AUTUMN COLOUR October 18th 2014
What a wonderful autumn this has been! The garden is full of colour - mostly reds and pinks... not only are the leaves turning on the trees and shrubs, but many perennials are still in full bloom, including these (and other) gorgeous chrysanthemums, penstemons, geraniums, erigeron, rudbeckia and armeria. Meanwhile, I'm in tidying mode and my trusty brown recycling bin is full the day after it's been emptied - I could do with a whole fleet of them!

For the last year I've been yearning for better storage facilities for my ever-growing collection of young plants, and here it is! A lovely local lady donated masses of old decking which have now been transformed into a double tier of staging. I plan to keep cuttings, dormant plants and empty trays, etc. on the bottom level. Already the whole top tier is full to overflowing, but hopefully space will be made as plants find homes in new gardens over the course of the next few months.


I recently received an order for the delightful plant, Hyoscyamus niger, and was asked the best method of sowing. My customer had tried them in the past with no success. Since mine pop up all over the garden and I've never made my own sowings, it hadn't occurred to me that they might be difficult, so I thought I'd be better do a bit of research! It transpired that they can be tricky.

The most common piece of advice I found was to soak the seeds in room-temperature water for 24 hours, and then to mix the strained seeds with some dry sand to help distribution and to sow direct in the ground, gently raking in. Some sources indicate that darkness is required to aid germination, so you might try making drills half an inch or so deep and sowing into those. It alsooccured to me that they might benefit from cold, making autumn sowing more sensible, but it's a bit late for that at the time of writing this entry, despite the unseasonal temperatures this Spring.

It might be worth trying sowing in a pot or small tray, sealing in a plastic bag and placing in the fridge for a few weeks.
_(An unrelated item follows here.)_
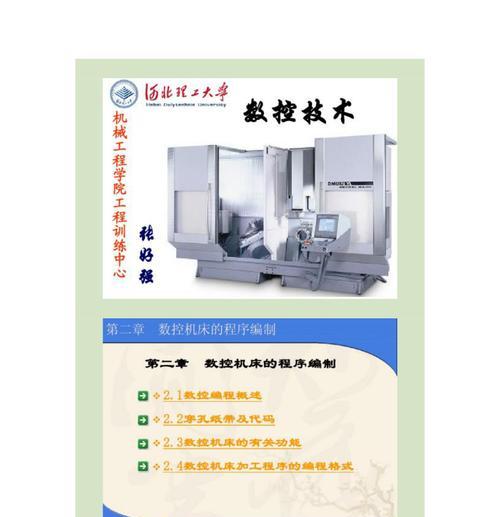 学习CNC电脑拷程序的关键步骤（掌握CNC电脑拷程序的技巧，提升工作效率）-第1张图片-数码深度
Subsequent transplantation would need to be done with great care, though, because I do know that this plant does not like root disturbance.

If you're planning on growing Hyoscyamus niger
from seed, do let me know how you get on!

OUTWARD BOUND! April 2nd 2013

A very successful day at the Methwold Table Top Sale on Bank Holiday Monday. The plants, which were just a small selection of those available, were particularly popular. Thanks to Lucy and Mick for all their help!

Local customers are very welcome to contact me if they would like to arrange to visit the garden to see the many other plants that are available. Some are already potted up, but when possible I'm quite happy to dig up and split plants to order!

SPRING? March 23rd 2013

Snow falling steadily at dusk. My seedlings seem to be coping in the greenhouse, but there are many more yet to sow and I'm not sure it's worth doing just yet. There are some sown seeds on a warm window sill indoors which are steadfastly refusing to germinate... and who can blame their reluctance?!

Still, it could be worse. According to the Met Office, the lowest March temperature recorded in the UK was -21.1C on 4 March 1947 at Houghall, County Durham. On 2 April 1917 at Newton Rigg, Cumbria, it dipped to -15C. And just down the road from here, at Santon Downham, it was -5.6C twice in June 1962, on the 1st and 3rd.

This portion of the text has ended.